Syndrome de Stockholm

Il est regrettable que Sven Gatz utilise lui aussi la diversité de la population comme prétexte pour faire fi des lois et des règles en arguant qu’elles sont obsolètes. D’un point de vue stratégique, cette démarche est tout sauf intelligente pour un responsable politique flamand à Bruxelles. Car ce faisant, le ministre semble s’enfermer, et avec lui tout un pan de la classe politique néerlandophone de la capitale, dans un splendide isolement fondé sur un discours identitaire bruxellois. De lui-même, il dit en effet qu’il se définissait jadis comme un « Flamand bruxellois », avant de se considérer comme un « Bruxellois flamand » et, désormais, simplement comme un « Bruxellois ».
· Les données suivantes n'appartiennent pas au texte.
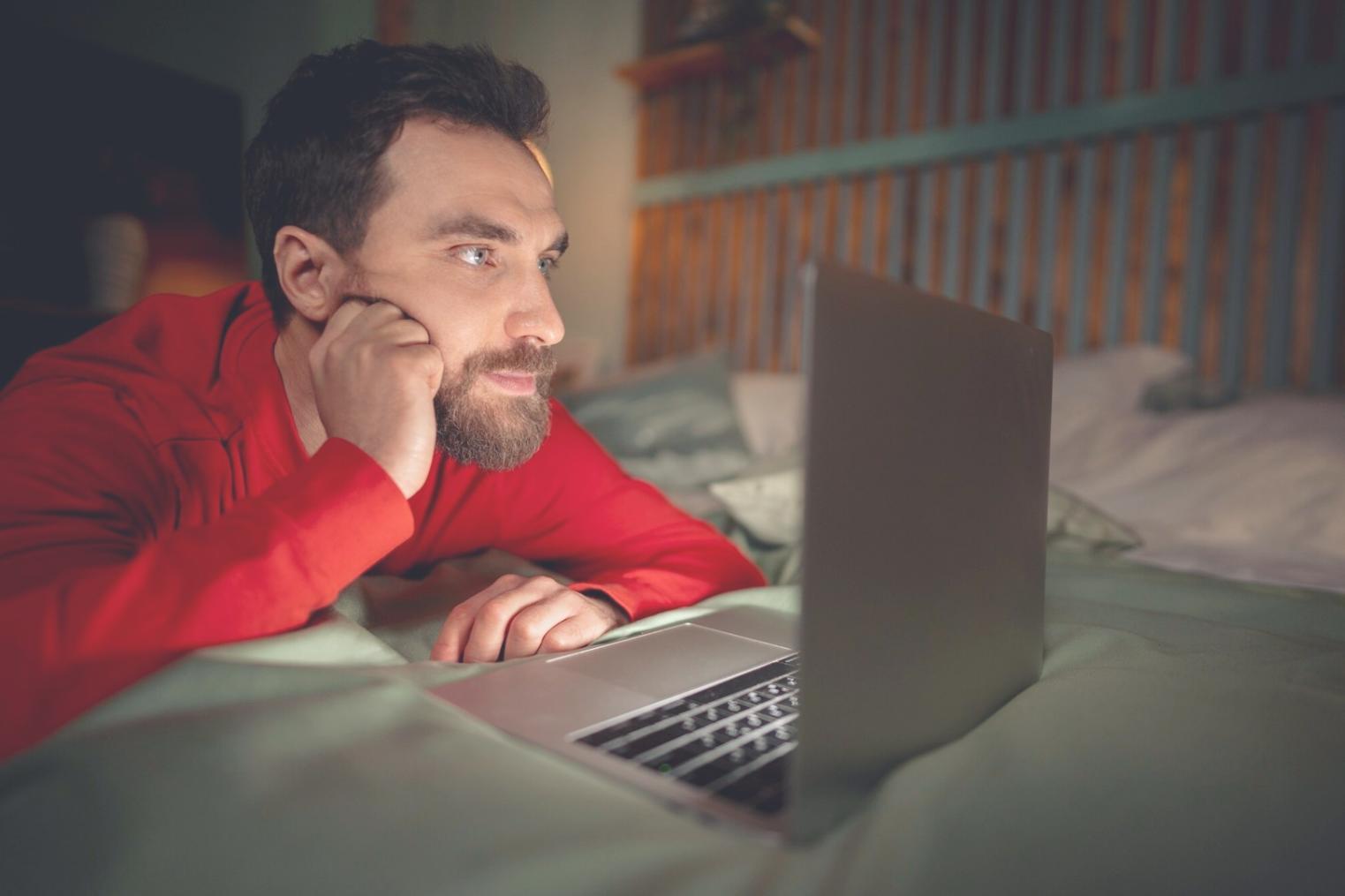 Analyse financière personnalisée avec graphiques et documents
Il n’y a rien de mal à cela, mais on peut en revanche déplorer que son ressenti personnel le conduise à remettre en question les règles linguistiques que les francophones n’ont jamais respectées. À la veille d’une septième réforme de l’État, ce n’est assurément pas la meilleure base pour engager le débat sur l’avenir de Bruxelles avec les francophones. En réalité, Sven Gatz semble souffrir du syndrome de Stockholm : sa position minoritaire au sein du gouvernement bruxellois l’a peu à peu amené à faire sienne la mentalité de ses collègues francophones.

Qui pour négocier ?

Il est temps pour les partis flamands de mener une réflexion au sujet de Bruxelles. Car lors des réformes de l’État précédentes, les négociations ont souvent été confiées, côté flamand, à des responsables qui connaissaient mal la capitale. Conner Rousseau, le président de Vooruit, le pendant flamand du PS, a d’ailleurs récemment déclaré, dans l’émission Terzake, qu’il n’avait pas encore fait le tour de la question « Bruxelles ». Dans le cadre des négociations, il est normalement possible de solliciter les responsables néerlandophones de la Région de Bruxelles-Capitale. Mais au vu du tweet inconsidéré d’au moins l’un d’entre eux, peut-être vaudrait-il mieux y réfléchir à deux fois.